While the Internet is a network infrastructure compromised of several routers, hubs, gateways, switches the hardware is incredibly different then what we use. An example of a carrier-grade router below (Cisco CRS-1, Juniper MX960):
Some of these devices can route millions of packets per second and commonly have optical interfaces up through but not limited to OC-768 (~40 Gbps). These machines use certain protocols such as Border Gateway Protocol (BGP), Open Shortest First Path (OSPF) and/or Intermediate System-to-Intermediate System (IS-IS, yes it is still in use today) to exchange routing information between networks and varying locations. BGP is the protocol responsible for the maintaining the majority of routing on the Internet. These routers are typically interconnected through fiber optic line laid through cities, country sides, etc.

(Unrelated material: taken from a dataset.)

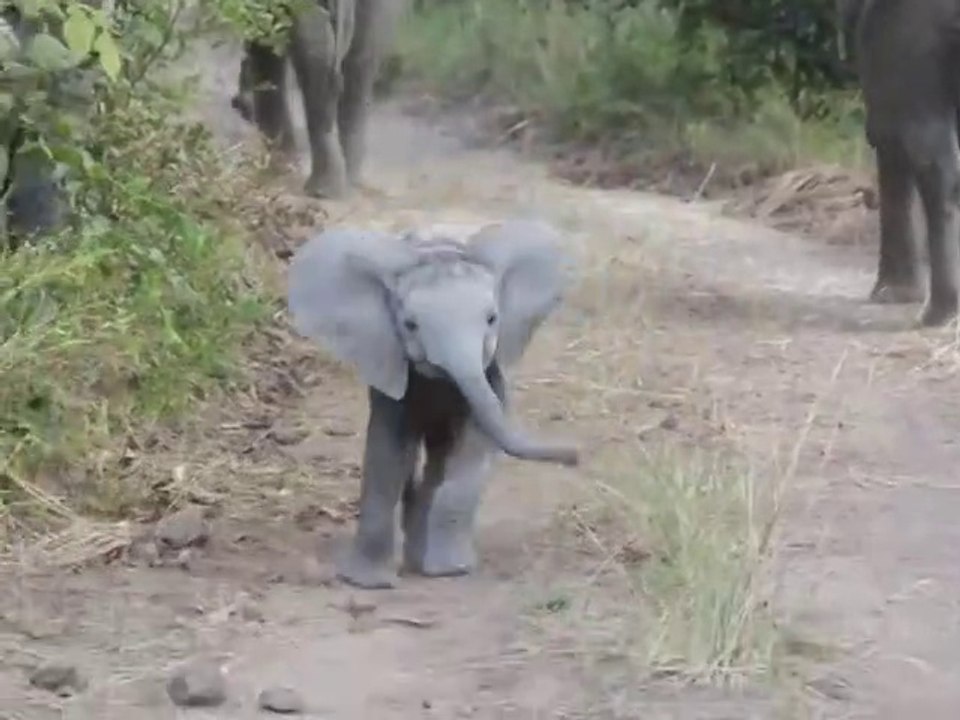 Ce bébé éléphant se met à charger comme un grand... pas commode le petit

Just like any local network but on a larger geographical scale, ISPs also have backbone and access layer (PE or Provider Edge) implementations. If you order a circuit or internet connection, the cabling from your location and WAN-facing interface typically makes it back to an interface on one of these devices. For a provider, it is common to 'multiplex' (mux) enterprise grade connections into a single interface. For example, a provider can break a T3/DS3 interface (44.736 Mbit) into 28 separate T1/DS1 (1.544 Mbit) for multiple various customers.
While these devices have implemented their own complexities, they still use the same TCP/IP protocol suite that your router at home uses to transmit and receive data.